En outre, le groupe d’experts n’a manifestement pas jugé utile de faire état du contenu de ses investigations auprès des autorités rwandaises afin de recueillir leur point de vue, comme il est de coutume dans ce genre d’exercice, avant de les soumettre au comité des sanctions de l’ONU et de les livrer aux médias. Pour Kigali, la messe est dite : ce rapport biaisé relève du complot. Place aux surenchères nationalistes. Alors qu’à Kinshasa la communication gouvernementale s’articule autour du thème de la patrie agressée, le Rwanda lance en fanfare le fonds Agaciro (« dignité »), destiné à remplacer une aide étrangère très marginalement menacée. Sur le terrain, la situation se fige et une guerre des mots, potentiellement dangereuse, se déchaîne, principalement alimentée par la presse et les sites congolais pour une raison simple : personne, à Kinshasa, ne contrôle un paysage médiatique ouvert à toutes les manipulations.

Même si l’on considère comme peu convaincantes, de par leur genèse même, les "révélations" du rapport Hege, la question de la réalité du soutien rwandais dont bénéficieraient les M23 continue de se poser.

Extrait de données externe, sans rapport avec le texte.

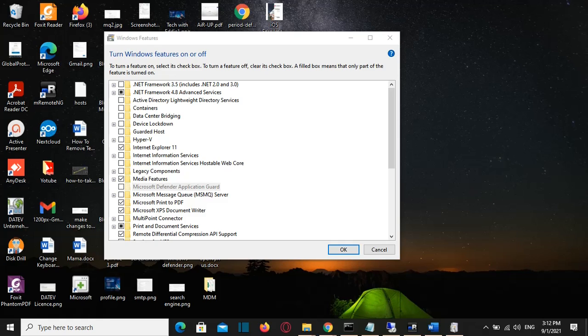In the latest version of Windows 10, by default, .NET Framework 4.8 is activated. But sometimes, for some specific software, we may need to activate .NET Framework 3.5 as well.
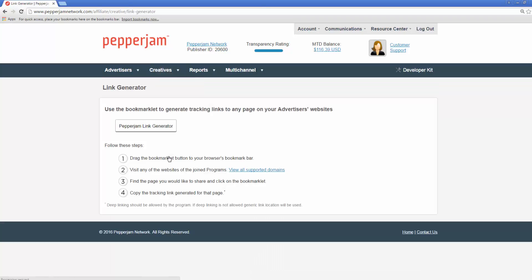After this is clicked, it will redirect you to a different page where you can see the Pepper Jam link generator and four simple steps.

Reste que, même si l’on considère comme peu convaincantes, de par leur genèse même, les « révélations » du rapport Hege, la question de la réalité du soutien rwandais dont bénéficieraient les M23 continue de se poser. « Quel serait notre intérêt ? proteste-t-on dans l’entourage de Paul Kagamé. Une telle ingérence ne pourrait que se retourner contre nous. Elle ternirait une réputation chèrement acquise, retarderait les investissements étrangers dont nous avons besoin et précipiterait l’imposition de sanctions. Nous ne sommes pas suicidaires. Ces accusations sont tout simplement absurdes. » ?

Méfiance

Entre ceux qui dénoncent une invasion rwandaise et ceux pour qui Kigali n’est en rien partie intéressée à la situation dans l’est de la RDC – deux thèses également improbables -, l’équilibre et sans doute la réalité sont à rechercher ailleurs. Si l’on voit mal, effectivement, l’armée rwandaise engager directement ses hommes dans le Nord-Kivu et fournir des armes aux rebelles, qui se sont déjà amplement servis dans les arsenaux des FARDC, il n’est pas niable que le M23 a pu recruter sans encombre dans les camps de réfugiés tutsis congolais au Rwanda. Il est également clair que Paul Kagamé n’est pas favorable à l’application immédiate du mandat d’arrêt de la CPI à l’encontre de Bosco Ntaganda, dans la mesure où il implique la dispersion du M23. La raison en est simple : une fois ces combattants transférés hors des deux Kivus, qui pourrait s’opposer aux FDLR, perçues par Kigali comme une menace ­existentielle ? Dire que le président rwandais ne fait pas confiance, pour effectuer ce job, à l’armée congolaise est un euphémisme.

En attendant qu’une hypothétique force neutre africaine, dont on ne sait pas encore qui la composera ni qui la financera, vienne patrouiller le long de la frontière commune, deux hommes tiennent en main le destin de la région. Entre Paul Kagamé, maître d’un pays réglé comme une horloge suisse où la discorde n’est pas tolérée, et Joseph Kabila, qui doit sans cesse compter avec l’indiscipline et la contestation de ses compatriotes, le dialogue est complexe. Mais ils se connaissent trop pour ne pas se parler. Lors de leur dernière rencontre, il y a deux mois à Addis-Abeba, en pleine crise, les caméras les ont même surpris en train d’éclater de rire. Preuve qu’autour des Grands Lacs rien n’est irréversible.